Real estate investment trusts (REITs) are becoming a strategic business and planning tool for a corporation’s real estate. When properly structured, a company can transfer its real estate free of current taxation to a REIT as part of an initial public offering (IPO) of the REIT. As a result, the transfer can get the real estate off a company’s books, eliminate the related debt, and instead let it own marketable securities. Several recent offerings demonstrate the advantages—tax and otherwise—that REITs have brought to diverse company types.
Substantial portions of the net wealth of Capital Automotive REIT’s founders were illiquid and tied up in their investments in land and improvements used in operating their dealerships. Thus, the founders formed a REIT to help them accomplish several objectives:
- create liquidity through the REIT’s IPO;
- diversify their investments;
- maintain a property focus, in this case, specializing in the sale-leaseback of multilocation, multifranchised auto dealerships;
- achieve growth by acquiring additional dealerships, which could be acquired in a tax-efficient manner using an umbrella partnership REIT (UPREIT) structure to defer the selling dealer’s tax liability; and
- use triple net leases to minimize re-leasing risk and related costs.
The founders used an UPREIT structure, starting with 36 properties, including 54 franchisees of 24 automobile brands. The REIT’s setup boasted several attractions for investors:
- It appeared to be a stable cash-flow vehicle with a fairly clear growth strategy.
- The REIT’s consolidation strategy could be perceived as a plus, due to the fragmented nature of the auto dealership business.
- The founders’ connections in the industry likely assure growth opportunities. Similarly, the REIT’s board of directors includes a former General Motors Corp. executive.
The REIT successfully completed its IPO on February 13, 1998, selling 20 million shares at $15 per share, for total equity of $300 million.
Going forward, investors might be concerned about the REIT’s ability to grow internally. Pursuant to the company’s sample lease agreements, lease escalations will be based solely on consumer price index adjustments. Interestingly, there will be no percentage rental payments, as one might expect, so that the REIT could share in the success of the dealers’ operations.
The well-known prison REIT, CCA Prison Trust, was created because Corrections Corp. of America, the largest private operator of correctional facilities in the United States, was growing at a phenomenal rate. The company’s niche is to contract with governmental authorities to privatize the housing of prisoners, saving the local governmental authority significant dollars.

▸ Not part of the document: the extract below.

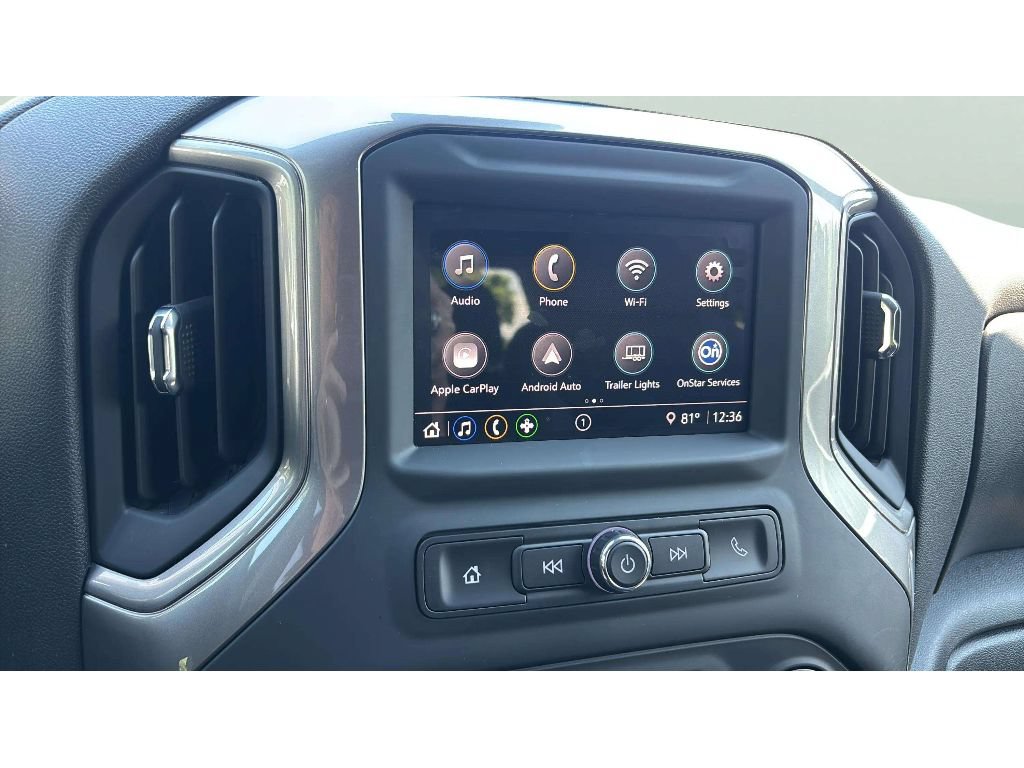 Used 2024 Chevrolet Silverado 1500 Custom Trail Boss w/ Dark Appearance Package AWD/4WD image 16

However, in this case, the company was so successful that its financial results arguably began to suffer because of the substantial real estate on its books. The solution? The company spun off all of its real estate, including a pipeline of nine construction projects, into the IPO of a REIT, CCA Prison Trust, that would lease back the facilities to Corrections Corp. The leaseback provides CCA Prison Trust with an 11 percent yield. So far, the REIT has more than $500 million in assets. And, given the shortage of detention space, the REIT believes vacancy will not be an issue.
Taking a page from the CCA playbook, AMC Theaters spun off a number of its megaplex theaters to Entertainment Properties Trust in an IPO that raised more than $250 million. However, unlike Corrections Corp., there is the potential for oversupply of megaplex theaters. Industry observers are concerned about reuse possibilities if the theaters fail to perform. Because of this possible surplus and other issues, the REIT’s share price has been erratic, especially compared to its peer group.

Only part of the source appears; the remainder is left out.